# Lesson 9

Using Tables for Conditional Probability

- Let’s use tables to estimate conditional probabilities.

### Problem 1

A tour company makes trips to see dolphins in the morning and in the afternoon. The two-way table summarizes whether or not customers saw dolphins on a total of 40 different trips.

morning | afternoon | |
---|---|---|

dolphins | 19 | 14 |

no dolphins | 3 | 4 |

- If a trip is selected at random, what is the probability that customers did not see dolphins on that trip?
- If a trip is selected at random, what is the probability that customers did not see dolphins under the condition that the trip was in the morning?
- Are the events of seeing dolphins and the time of the trip (morning or afternoon) dependent or independent events? Explain your reasoning.

### Problem 2

Noah is unsure whether the coin and number cube he has are fair. He flips the coin then rolls the number cube and records the result. He does this a total of 50 times. The results are summarized in the table.

one | two | three | four | five | six | |
---|---|---|---|---|---|---|

heads | 5 | 3 | 5 | 3 | 5 | 6 |

tails | 3 | 4 | 5 | 2 | 6 | 3 |

- Create a two-way table that displays the probability for each outcome based on Noah’s tests.
- If one of Noah’s 50 results is selected at random, what is the probability that the coin was heads?
- If one of Noah’s 50 results is selected at random, what is the probability that the number cube was 5?

### Problem 3

A student surveys 30 people as part of a project for a statistics class. Here are the survey questions.

- Are you left-handed or right-handed?
- Are you left-eye dominant or right-eye dominant?

The results of the survey are summarized in the two-way table.

right-eye dominant | left-eye dominant | |
---|---|---|

right-handed | 14 | 11 |

left-handed | 3 | 2 |

What is the probability that a person from the survey chosen at random is right-handed under the condition that they are right-eye dominant?

\(\frac{25}{30}\)

\(\frac{14}{30}\)

\(\frac{14}{25}\)

\(\frac{14}{17}\)

### Problem 4

Priya flips a fair coin and then rolls a standard number cube. What is the probability that she rolled a 3 under the condition that she flipped heads?

\(\frac{1}{2}\)

\(\frac{1}{6}\)

\(\frac{1}{12}\)

\(\frac{3}{12}\)

### Problem 5

Andre flips one fair coin and then flips another fair coin.

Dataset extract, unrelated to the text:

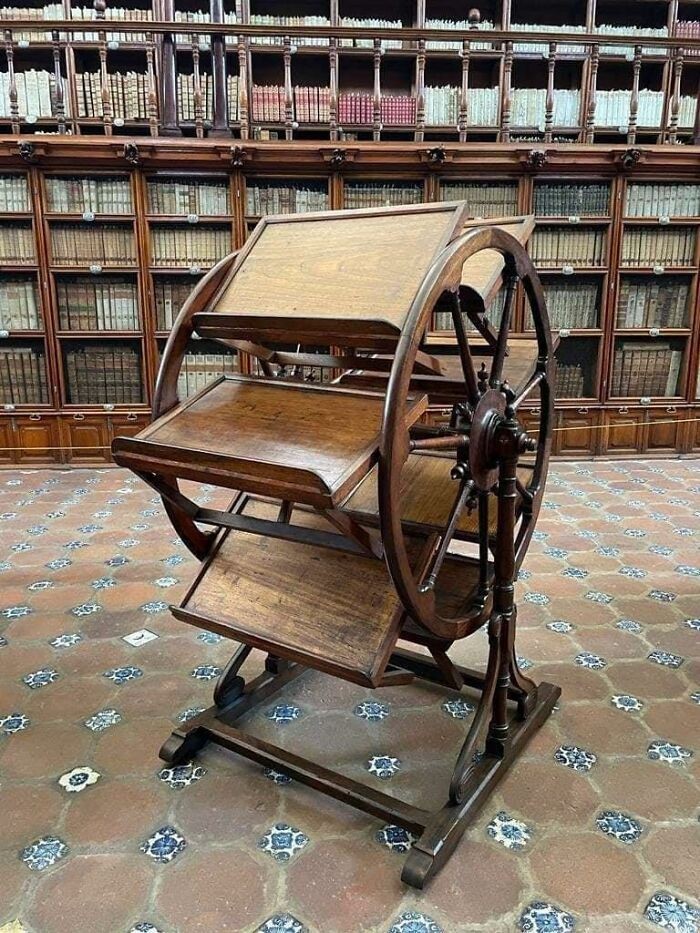 XVIII-wieczne urządzenie pozwalające badaczom korzystać nawet z ośmiu ksiąg jednocześnie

- What is the probability that he gets heads on both coins?
- What is the probability that he gets heads on the second coin under the condition that the first flip is heads?
- What is the probability that the second flip is not heads?
- What is the probability that the first flip is heads and the second flip is not heads?

### Problem 6

Han randomly selects a card from a standard deck of cards. He places it on his desk and then Jada randomly selects a card from the remaining cards in the same deck.

- What is the probability that Han selects a card that has diamonds on it?
- What is the probability that Jada selects a card that has diamonds on it?
- What is the probability that Han selects a card that has diamonds on it and that Jada selects a card that has diamonds on it?
- Are the events of Han and Jada randomly selecting a card dependent or independent? Explain your reasoning.

### Problem 7

An agriculturist takes 50 samples of soil and measures the levels of two nutrients, nitrogen and phosphorus. In 46% of the samples the nitrogen levels are low and in 28% of the samples the phosphorus levels are low. In 10% of the samples both the nitrogen and the phosphorus levels are low. What percentage of the samples have nitrogen levels or phosphorus levels that are low?

### Problem 8

Select **all** of the situations that have a 50% chance of occurring.

Rolling a standard number cube and getting a 3.

Flipping two fair coins and getting heads on exactly one of the flips.

Picking a letter at random from the word SEED and getting an E.

Picking a letter at random from the word ORCHID and getting a vowel.

Getting the answer correct when guessing randomly on a true or false question.

### Problem 9

A solid has volume 6 cubic units and surface area 14 square units. The solid is dilated, and the image has surface area 224 square units. What is the volume of the image?